The Nigerian National Petroleum Corporation (NNPC) revenue declined 27.02 percent to N1.08 trillion in the first five months of 2021 compared with N1.48 trillion revenues earned in the corresponding period of last year.

According to a Federation Account Allocation Committee (FAAC) document, the state-owned oil firm earning declined by N396.8 billion in the period despite global crude oil price recovery.

The document also showed that the corporation failed to meet its monthly funding obligation of N414.94 billion for its projects and operations for the period.

Whereas the NNPC has a total revenue projection of N4.97 trillion for 2021, sub-divided into N414.941 billion per month, the document showed that in January, it raked in gross revenue of N195.624 billion and N191.194 billion in February.

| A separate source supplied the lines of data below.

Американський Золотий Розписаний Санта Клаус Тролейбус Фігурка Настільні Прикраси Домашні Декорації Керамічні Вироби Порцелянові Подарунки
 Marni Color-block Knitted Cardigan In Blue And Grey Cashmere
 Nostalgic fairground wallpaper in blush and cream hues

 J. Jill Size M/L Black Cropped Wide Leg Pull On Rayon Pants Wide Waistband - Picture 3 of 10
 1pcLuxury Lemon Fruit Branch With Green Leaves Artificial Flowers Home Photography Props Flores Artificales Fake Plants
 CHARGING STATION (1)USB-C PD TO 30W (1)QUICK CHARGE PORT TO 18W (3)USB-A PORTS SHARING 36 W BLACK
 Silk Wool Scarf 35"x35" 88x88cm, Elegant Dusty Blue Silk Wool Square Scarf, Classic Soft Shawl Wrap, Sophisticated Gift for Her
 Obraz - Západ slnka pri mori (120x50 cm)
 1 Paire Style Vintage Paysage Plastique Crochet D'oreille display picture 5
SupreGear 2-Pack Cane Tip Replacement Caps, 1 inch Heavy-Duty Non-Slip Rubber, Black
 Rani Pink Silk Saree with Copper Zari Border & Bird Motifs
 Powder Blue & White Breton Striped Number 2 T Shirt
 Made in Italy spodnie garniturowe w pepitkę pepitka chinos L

In March, the NNPC’s total revenue stood at N224.589 billion and was N156.366 billion in April, while in May, the corporation grossed a revenue of N320.315 billion to hit N1.088 trillion.

In comparison, for the same period in 2020, gross revenue, which is a summation of receipts from Joint Venture (JV) crude oil, JV gas, Production Sharing Contracts (PSC) and miscellaneous sources stood at N380 billion in January.

The revenue in February was N264.1 billion, in March, it was N324.4 billion, it was N298.1 billion in April and it stood at N219.3 billion in May.

However, the corporation resumed the monthly funding for its frontier exploration services which did not receive any budget in April, but gulped N3.22 billion in May, having received N1.96 billion in January, N1.92 billion in February and N2.255 billion in March.

The NNPC is currently performing exploration and drilling activities of Kolmani River 3, had reported earlier that the first appraisal, Kolmani River 2, in the Gongola Basin, encountered both oil, condensate and gas, which it said were significant finds.

The corporation is also carrying out exploration activities in the Chad Basin further northwards but had to halt its seismic operations after insurgents attacked and killed the technical workers and some security forces.

Although financing of frontier exploration basins is currently at the discretion of the corporation, the new Petroleum Industry Bill (PIB), if assented to by President Muhammadu Buhari as it currently exists will make it mandatory for the NNPC to deploy 30 percent from proceeds of its production sharing, profit sharing and risk service contracts to fund exploration of the basins.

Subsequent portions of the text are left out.